Le gouvernement du Népal a publié ce vendredi 28 août une liste avec l'identité de plus de 600 personnes classées comme « touristes disparus ou hors de contact », tant étrangers que népalais non-résidents de la région, après l'inondation massive qui a touché une zone frontalière du pays avec la région autonome du Tibet (Chine), et qui comprend deux femmes et un homme de nationalité espagnole.
La liste, divulguée et mise à jour à plusieurs reprises par le ministère népalais des Communications et des Technologies de l'information, indique dans la dernière mise à jour les identités, la nationalité et, dans certains cas, le numéro de passeport ou de carte d'identité et les références au séjour des disparus, comme les zones dans lesquelles ils ont été retrouvés.
Elle montre trois touristes identifiés comme ressortissants espagnols : deux femmes, liées à un groupe de randonneurs, et un homme.
Le ministère espagnol des Affaires étrangères, qui avait signalé la veille la disparition de quatre Espagnols, a réduit ce chiffre à trois ce vendredi, signalant que l'ambassade d'Espagne à New Delhi et le consulat honoraire d'Espagne au Népal, ainsi que le consulat général d'Espagne à Pékin, surveillent de près la situation et prennent des dispositions avec les autorités locales.
Des ponts coupés
Selon les Nations Unies, la catastrophe a détruit ou gravement endommagé au moins 35 ponts routiers et 45 passerelles piétonnes, en plus de détruire plus de 40 kilomètres de routes.
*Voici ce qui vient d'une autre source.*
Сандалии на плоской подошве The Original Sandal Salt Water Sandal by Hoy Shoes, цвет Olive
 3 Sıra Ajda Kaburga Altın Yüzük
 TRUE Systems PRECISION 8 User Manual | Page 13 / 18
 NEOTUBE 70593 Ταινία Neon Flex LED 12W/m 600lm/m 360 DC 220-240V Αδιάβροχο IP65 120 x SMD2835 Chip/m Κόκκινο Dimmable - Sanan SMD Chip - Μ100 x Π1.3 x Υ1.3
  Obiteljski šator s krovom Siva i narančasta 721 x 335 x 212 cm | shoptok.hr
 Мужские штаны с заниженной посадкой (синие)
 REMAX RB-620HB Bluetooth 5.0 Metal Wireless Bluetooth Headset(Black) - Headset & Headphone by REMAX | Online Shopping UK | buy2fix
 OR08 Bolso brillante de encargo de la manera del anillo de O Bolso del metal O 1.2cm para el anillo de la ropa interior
Le gouvernement du Népal a officiellement demandé à l'Inde et à la Chine de livrer et d'installer d'urgence 42 ponts mobiles afin de rouvrir la circulation terrestre dans les zones les plus touchées par les récentes inondations.
Un millier de morts dénombrés
Le Népal a porté vendredi à 553 le nombre de corps retrouvés après les inondations destructrices dans le bassin de la rivière Bhote Koshi, tandis que les équipes de secours intensifient la recherche des 937 personnes portées disparues sur son territoire.
L'Autorité nationale de réduction et de gestion des risques de catastrophe (NDRRMA) a confirmé le bilan dans son dernier bulletin, dans lequel elle précise que le plus grand nombre de victimes a été enregistré dans le district de Chitwan, avec 222 décès, dans le bassin inférieur du fleuve.
De son côté, la Chine a porté vendredi à cinq le nombre de morts dans le comté tibétain de Gyirong (Chine), également touché par l'immense inondation, et a maintenu le nombre de personnes disparues à 558.
La plupart des corps ont été retrouvés dans les zones du sud, comme à Nawalparasi Est (134), à environ 150 kilomètres du point d'origine de l'inondation, car la force du courant a entraîné la boue, les débris et les victimes vers le bas de la montagne jusqu'à ce qu'elles perdent de la vitesse.
Selon les archives de la NDRRMA, au moins 393 des corps retrouvés restent non identifiés dans les morgues de la région, où des dizaines de proches examinent anxieusement des panneaux avec des photographies exposés dans des centres tels que l'Institut des sciences de la santé de Pokhara pour tenter de reconnaître leurs proches.
Risque de nouvelles inondations
La menace de nouvelles crues soudaines, ainsi que l'effondrement des réseaux de communication, les glissements de terrain et la destruction de dizaines de ponts et de routes d'accès, entravent la progression des près de 15 000 agents de sécurité et de secours déployés le long de plus de 100 kilomètres de lit de rivière emporté par les eaux pour les efforts de recherche et de sauvetage.